The Journey of Social Mobility

     When Will arrives in New South Wales, he is still treated lowly, although never as bad as the Aboriginal peoples who are viewed as “thieving blacks”. He still retains a sense of superiority over them even while his wife, Sal, becomes his “master” while he is serving his sentence. However, New South Wales offers Thornhill unique opportunities to improve his standing in the class system because it is a new English colony and is therefore still developing its own social structure. 

    As a result, Thornhill only spends four years and five months as a convict and a man who isn't truly free, after which point he's able to join the Australian middle class and take land for himself. He begins asserting his dominance over those in lower positions than him, replicating past interactions he had with English gentry. For example, he is quick to flaunt his higher social status over his own convict servants, Ned and Dan. Thornhill recollects,“He thought of the way Suckling smiled, not showing any teeth and tried it himself. It is Mr. Thornhill, Dan, he said. You would do well to remember” (181). Later on he reminisces, “The reality was that they had power of almost life and death over Dan Oldfield” (183). As Will realizes the ease of dehumanizing people of a lower social standing than himself, he reflects this mindset when interacting with the Aborigines that live near Thornhill's Point. 

     While Sal desires to return to London, Thornhill realizes he will always be seen as a convict and would be giving up his current status in Australia. Will points out, “The Hawkesbury was the one place where no man could set himself up as better than his neighbor.
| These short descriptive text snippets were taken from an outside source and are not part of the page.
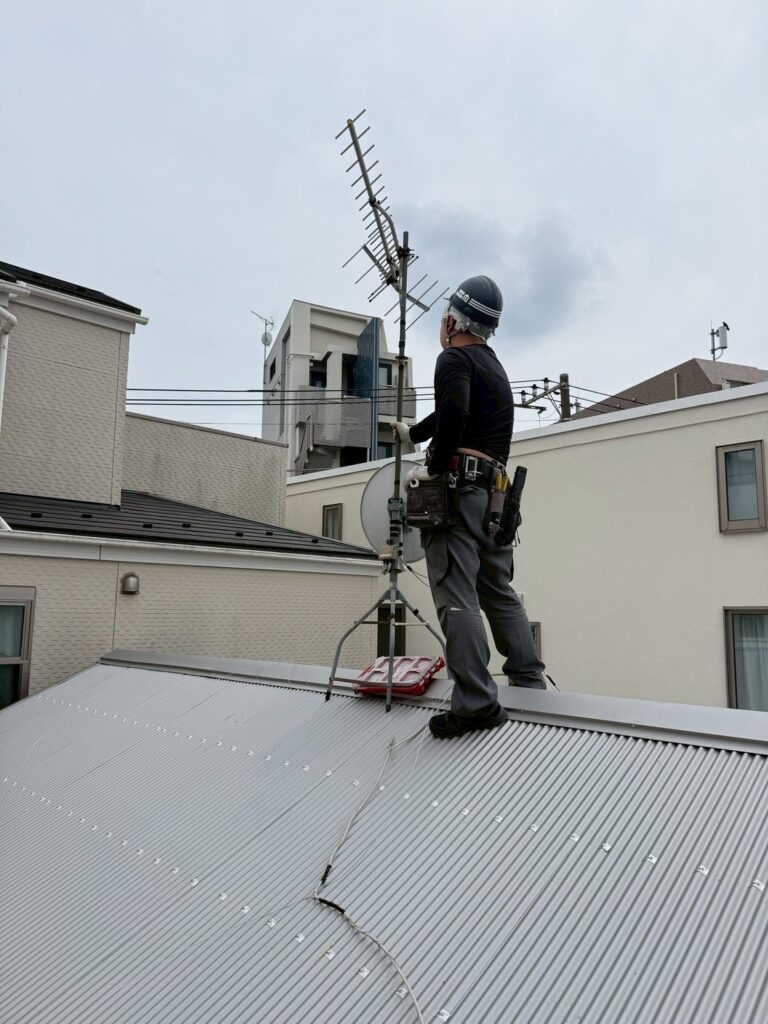 目黒区目黒本町でアンテナの微調整をしている写真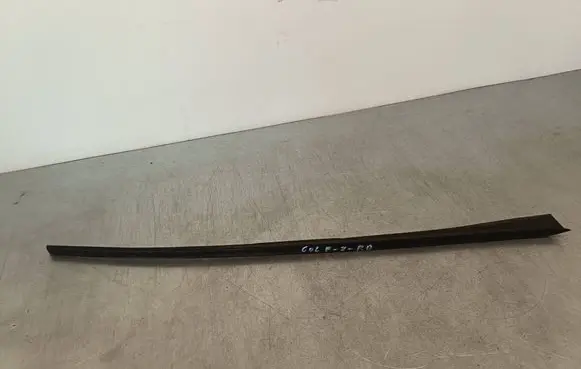 Volkswagen Golf VII Windshield trim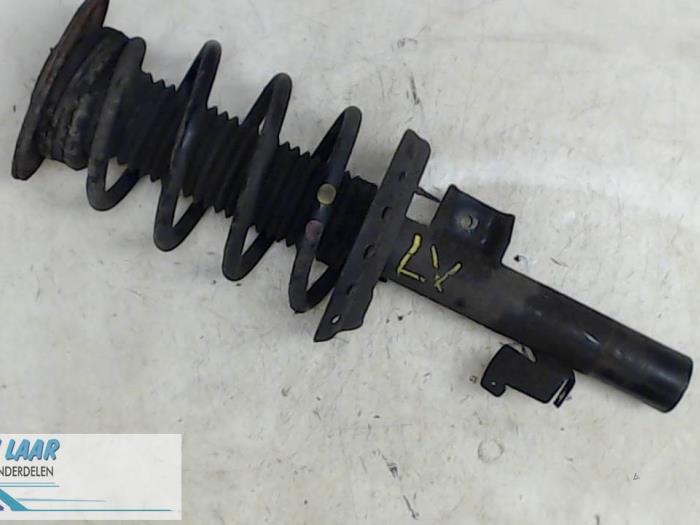 Front shock absorber rod, left from a Ford Mondeo IV Wagon 2.0 TDCi 140 16V 2008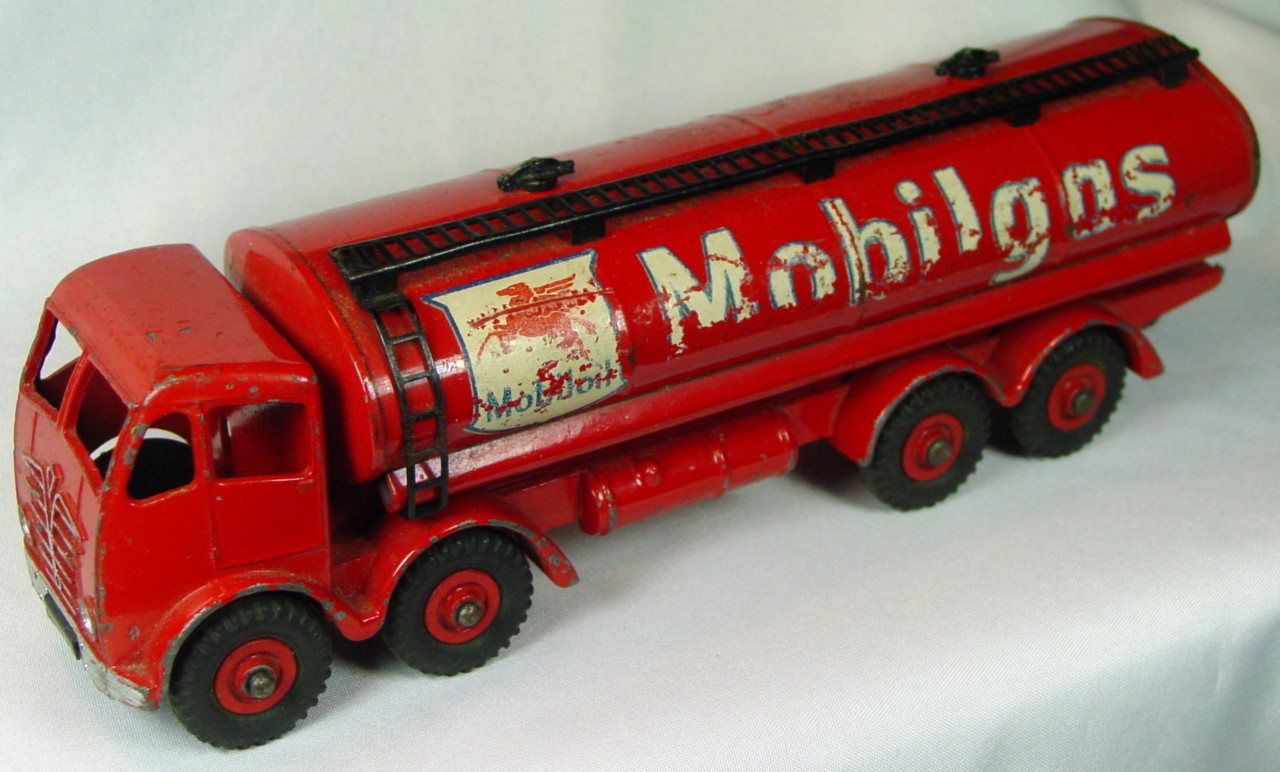 Dinky 941 - Foden Mobilgas Tanker decals 80/60%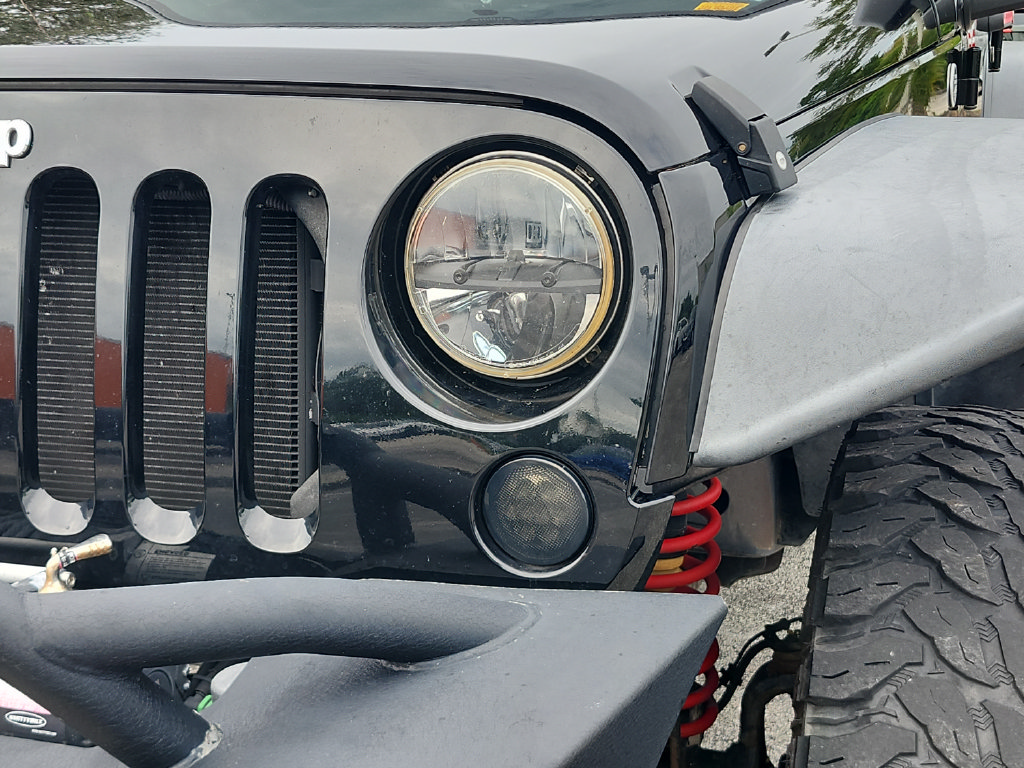 Used 2013 Jeep Wrangler Unlimited Sahara w/ Connectivity Group AWD/4WD image 14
They were all emancipists in that private valley. There, and only there, a man did not have to drag his stinking past around behind him like a dead dog. (176) The river functions not only as Will’s idea of success and status, but also an area that has not yet been touched by colonialism. It enables ticket-of-leave convicts to become settler farmers by providing them with access to the fertile Hawkesbury area while also taking them closer to where the Aboriginal peoples live. The contact zone established shows competing claims to land and Will’s realization that ownership of the land is not truly possible with the indigenous people living on it. Try as he might to see the river as “a place of promise” and a passageway to the “blank page on which a man might write a new life” (130), Will remains an unsettled settler whose security and ownership is under threat by the presence of the Indigenous inhabitants. He can escape his convict past but he can’t escape the unseen presence of the Indigenous people threatening his future wealth and success.

Direct Colonialism

     Will regards the Aboriginals as being wild, inferior, and dangerous. He considers them to be “lower in the order of things even than they were” (92). Slowly, Will takes on the belief that in order for civilization to be preserved, the Aboriginals must be kept under control or eliminated. New South Wales had become “a machine in which some men would be crushed and spat out, and others would rise to heights they would not have dreamed of before” (182). Will must make the decision whether to abandon the land and therefore lose social mobility, or defend his interests. In order to preserve the future prosperity and social status, Will must use violence against the Aboriginal peoples by joining with the other men of the area to “disperse” the local Indigenous people. If he had decided not to directly participate, it could have led to him losing the land and going back to England, which was social suicide.

     The tragedy and violence of the situation (showing the negatives of colonialism) is contrasted with the wealth and status Will and his family end up with (an advantage of colonialism for those who were in the position of colonizers).

Results and Analysis

     In the end, Will surpasses all expectations. From being an extremely poor boy growing up in London, to convict status in New South Wales, to becoming an emancipist, to eventual immersion with early Australian gentry as a powerful landowner, his upward social mobility reflects his taking advantage of colonialism. He is able to reinvent his family history so that he is said to have been “not born in dirty Bermondsey but in clean Kent” (321), further demonstrating how Will was able to use the opportunities of Australia to better himself. He no longer fears his land being taken away by the Aboriginals because of the violence that he perpetrated against them. At the end of the day, his decision to directly participate in colonialism made him rich and elevated in status. Colonization of Australia in the first place gave Will the chance to elevate himself in a society that was barely forming. This "blank slate" mindset along with exploitation of the Aboriginals made it easier to Will to convert his social status.